Leluhur kita sudah lama mengenal Mahabharata. Dr. Radjiman Wedyadiningrat dari Boedi Utomo menulis tentang Bhagavad Gita, demikian pula Presiden Soekarno sering menyitir kisah Mahabharata. Candi-candi di Dieng yang dirikan pada Zaman Mataram Kuno pun mempunyai nama-nama Arjuna, Bhima dan sebagainya. Bagi leluhur kita, pergelaran Wayang Kulit dengan kisah Mahabharata sejak zaman Majapahit telah merasuk ke dalam jiwa masyarakat. Kedatangan Film Serial Mahabharata yang menarik, mungkin saja membangkitkan genetika leluhur yang diwarisi anak-anak sekarang sehingga mudah terkesan dengan kisah-kisah Mahabharata.

 

http://kisahspiritualtaklekangzaman.wordpress.com/2014/08/17/mahabharata-warisan-genetika-kakek-bijak-menjadi-dua-kelompok-cucu-yang-baik-dan-yang-jahat/

 

Bara Api Draupadi Menggelorakan Semangat Pandawa Melawan Kaurawa

draupadi dan pandawa sumber www india-forum com

Gambar Draupadi dan Pandawa sumber: www india-forum com

“Kromosom perempuan adalah X-X, 23-23 – dia sempurna. Kromosom laki-Iaki adalah X-Y, 23-22, dia kehilangan satu poin. Sudah diketahui bersama bahwa kromosom “X” pada laki-laki diturunkan dari ibunya. X adalah energi Feminin, yang menggerakkan kita. Seorang laki-laki tidak akan tercipta tanpa X, dia tidak bisa hidup hanya dengan kombinasi Y-Y. Sedangkan perempuan bisa hidup tanpa Y, dia bisa  hidup hanya dengan kombinasi X-X. Di balik kesuksesan seorang laki-laki ada perempuan yang berperan. Dan pernyataan ini pun memang benar karena perempuan merupakan personifikasi dari Sumber Kekuatan. Dalam tradisi Veda, ini disebut Shakti.
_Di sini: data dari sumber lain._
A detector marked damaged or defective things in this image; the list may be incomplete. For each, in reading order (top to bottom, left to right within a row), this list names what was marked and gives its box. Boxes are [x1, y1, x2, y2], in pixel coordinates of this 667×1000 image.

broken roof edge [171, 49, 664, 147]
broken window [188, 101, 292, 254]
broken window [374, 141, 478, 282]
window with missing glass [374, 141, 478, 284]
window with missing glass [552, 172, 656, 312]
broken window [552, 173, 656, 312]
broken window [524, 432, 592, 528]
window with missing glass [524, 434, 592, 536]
Dan, Shakti bermakna Energi, Sumber Kekuatan. Kekuatan perempuan terletak pada kelembutan dan kehalusan budinya, yang membuatnya penuh kasih dan empati. Kaum perempuan oleh, karena itu bisa menjadi perawat yang hebat. Mereka lebih perhatian. Sebagai ibu, dia merawat. Sebagai saudari, dia mendukung. Sebagai istri atau kekasih, dia memperkuat.” (Krishna, Anand. (2009). The Gospel Of Obama. Koperasi Global Anand Krishna bekerja sama dengan Yayasan Anand Ashram)

 

Sita, Shakti Pemicu Peperangan antara Pasukan Sri Rama dengan Pasukan Rahwana

Sita adalah wanita (shakti)pemicu perang antara Sri Rama dibantu pasukan wanara melawan Rahwana dengan pasukan raksasa. Sita dikisahkan lahir dari bumi, Sita adalah Ibu bumi, mempunyai sifat bumi/tanah yang rendah hati, rela berkorban dan selalu menghidupi makhluk yang hidup di atasnya. Sita bersifat setia dan penurut, bila Rahwana akan memperkosanya, dia siap bunuh diri. Akan tetapi Sita tetap memperoleh perlindungan ilahi, Rahwana telah dikutuk seorang perempuan bahwa bila dia memperkosa seorang wanita, maka dia akan langsung mati, sehingga Rahwana sabar menunggu kerelaan Sita untuk menjadi istrinya. Sita adalah wanita yang taat, saat diminta menunggu Sri Rama untuk menjemputnya di Alengka dia patuh, bahkan saat diminta Sri Rama masuk ke dalam api penyucian demi meyakinkan rakyat Ayodya dia pun patuh dan dia selamat.

 

Draupadi, Shakti Pemicu Peperangan antara Pasukan Koalisi Pandawa dengan Pasukan Koalisi Korawa

Setting panggung Mahabharata berbeda dengan setting panggung Ramayana. Selain Bhima yang suka bertarung, empat Pandawa yang lain terlalu baik dalam menghadapi Adharma Kaurawa yang selalu berupaya memusnahkan para Pandawa. Sri Krishna tahu dan harus memberi pelajaran Bhagavad Gita kepada Arjuna untuk berperang melawan adharma yang mewujud sebagai saudara-saudara sepupu, kakek, guru dan handai-taulannya. Karena itulah Sri Krishna membutuhkan Draupadi yang lahir dari api, yang mempunyai sifat tegas dan cerdas serta berani menunjukkan keberanian untuk melawan hal yang merugikan dia dan keluarganya. Api tidak sederhana seperti tanah. Api selalu menuju ke atas. Memberi bantuan bagi dia yang menggunakannya dengan baik, tapi membakar segala sesuatu yang melawan dirinya.

 

Bara Api Draupadi

“Api memiliki kekuatan untuk mengubah bentuk. Panasnya dapat mengubah api menjadi uap, kayu menjadi abu, dan logam menjadi cairan. Kilauan pada wajah kita, kilauan pada kulit kita, semuanya karena Api – Agni. Ketika seorang berada dalam keadaan stres/depresi berat dan wajahnya tidak berkilau lagi; atau ketika seorang menderita penyakit kulit – maka ketahuilah bahwa ia kekurangan unsur api.” (Krishna, Anand. (2012). Cinta yang Mencerahkan Gayatri Sadhana Laku Spiritual bagi Orang Modern. Azka)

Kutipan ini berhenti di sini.